▶ **Task description**:
Retype every entry below without pictures.

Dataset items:
╭──
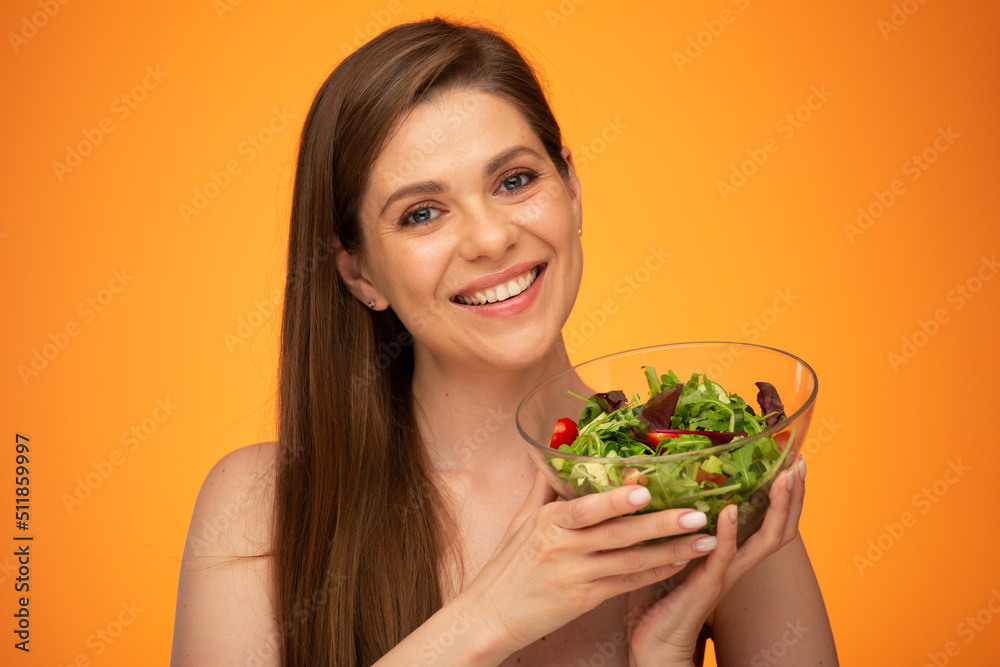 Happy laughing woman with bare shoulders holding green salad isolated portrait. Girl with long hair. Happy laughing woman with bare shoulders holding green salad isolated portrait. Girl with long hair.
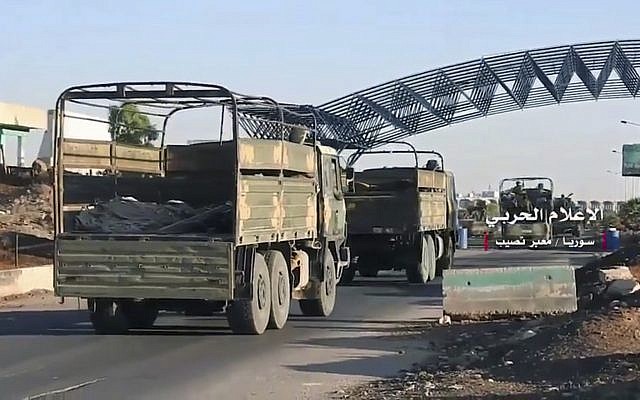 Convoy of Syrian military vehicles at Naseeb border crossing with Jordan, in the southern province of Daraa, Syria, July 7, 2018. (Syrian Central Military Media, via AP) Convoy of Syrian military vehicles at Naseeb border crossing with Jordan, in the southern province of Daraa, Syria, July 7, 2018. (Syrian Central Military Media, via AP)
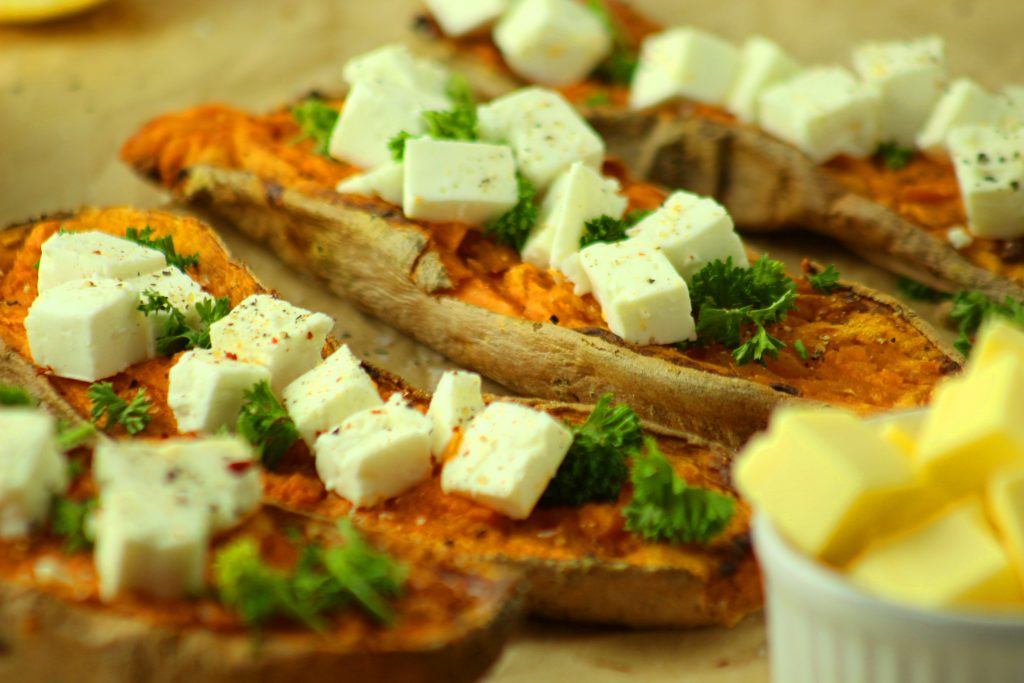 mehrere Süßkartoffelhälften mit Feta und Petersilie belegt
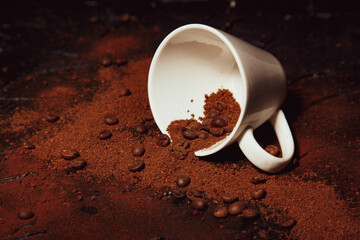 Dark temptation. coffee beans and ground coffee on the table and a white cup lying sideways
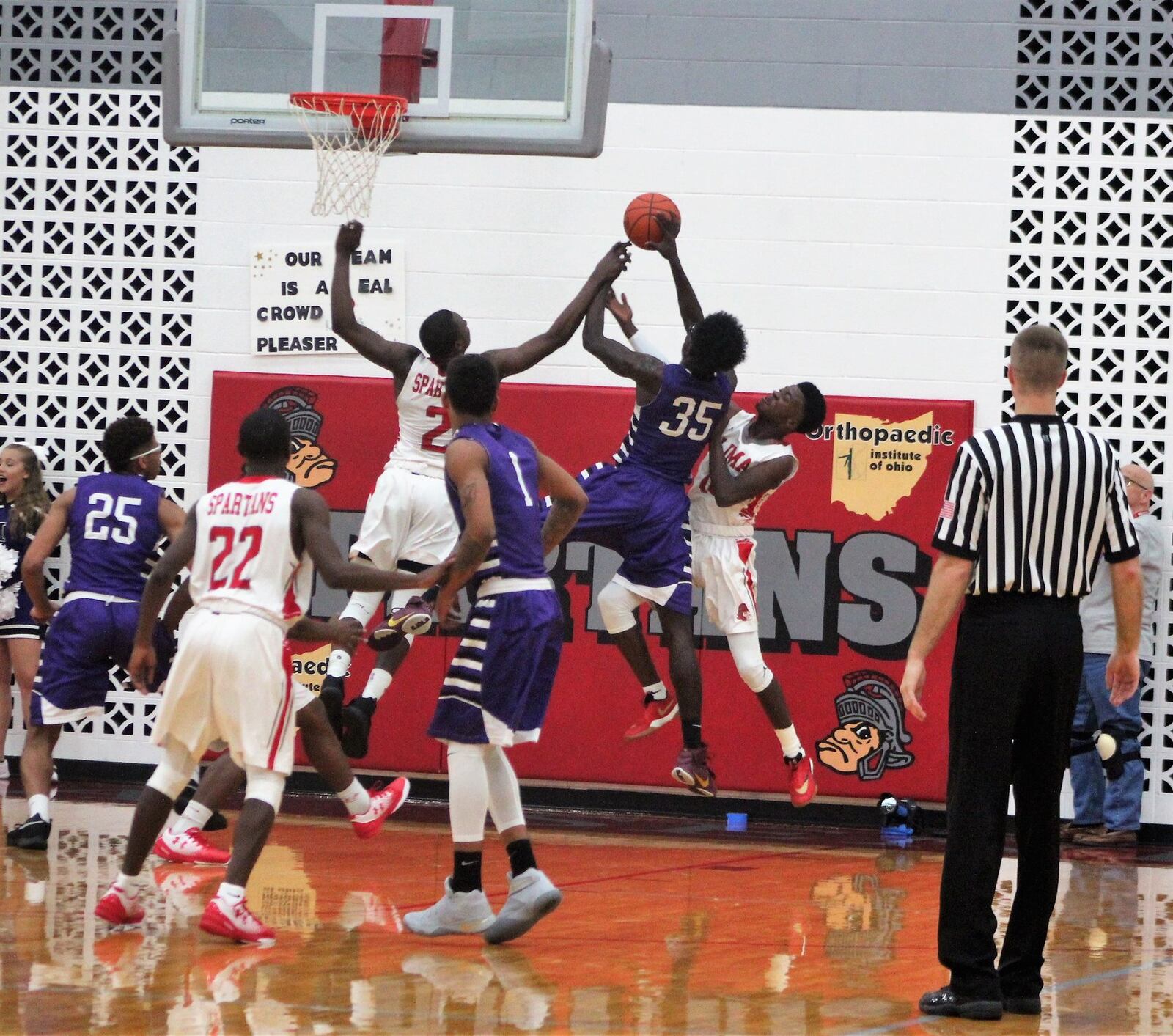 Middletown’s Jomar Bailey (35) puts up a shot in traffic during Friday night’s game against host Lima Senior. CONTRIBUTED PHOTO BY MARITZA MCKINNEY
╰──
▶ **Written response**:
 Happy laughing woman with bare shoulders holding green salad isolated portrait. Girl with long hair. Happy laughing woman with bare shoulders holding green salad isolated portrait. Girl with long hair.
 Convoy of Syrian military vehicles at Naseeb border crossing with Jordan, in the southern province of Daraa, Syria, July 7, 2018. (Syrian Central Military Media, via AP) Convoy of Syrian military vehicles at Naseeb border crossing with Jordan, in the southern province of Daraa, Syria, July 7, 2018. (Syrian Central Military Media, via AP)
 mehrere Süßkartoffelhälften mit Feta und Petersilie belegt
 Dark temptation. coffee beans and ground coffee on the table and a white cup lying sideways
 Middletown’s Jomar Bailey (35) puts up a shot in traffic during Friday night’s game against host Lima Senior. CONTRIBUTED PHOTO BY MARITZA MCKINNEY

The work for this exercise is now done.